▸ Dataset content:
┌──
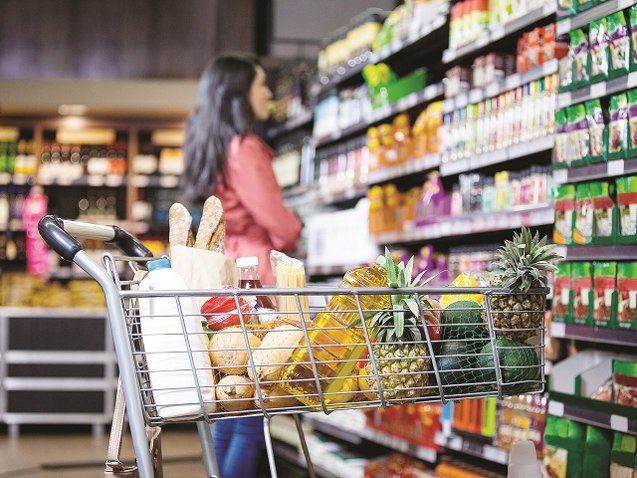 Guvernul maghiar prelungeşte reducerile obligatorii la supermarketuri până în iunie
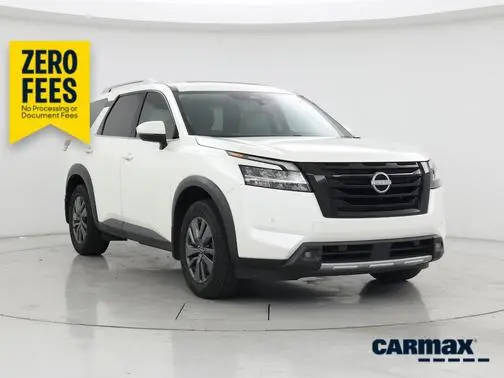 2022 Nissan Pathfinder SL FWD photo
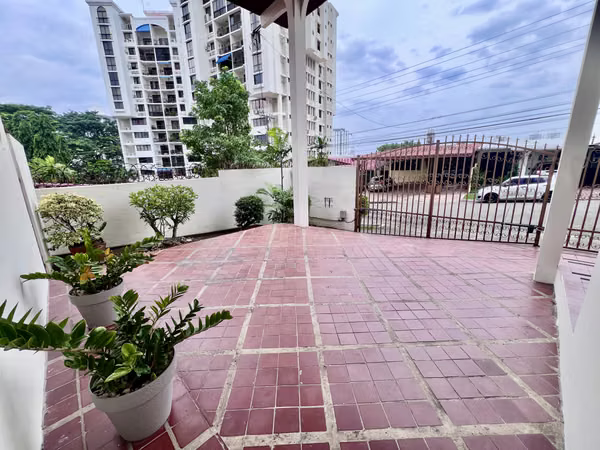 House  for Sale  PH  Hato Pintado (Pueblo Nuevo)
└──
▸ Work instructions:
What is needed is every line of the data above, set down exactly but with the images left out.

▸ Answer box:
 Guvernul maghiar prelungeşte reducerile obligatorii la supermarketuri până în iunie
 2022 Nissan Pathfinder SL FWD photo
 House  for Sale  PH  Hato Pintado (Pueblo Nuevo)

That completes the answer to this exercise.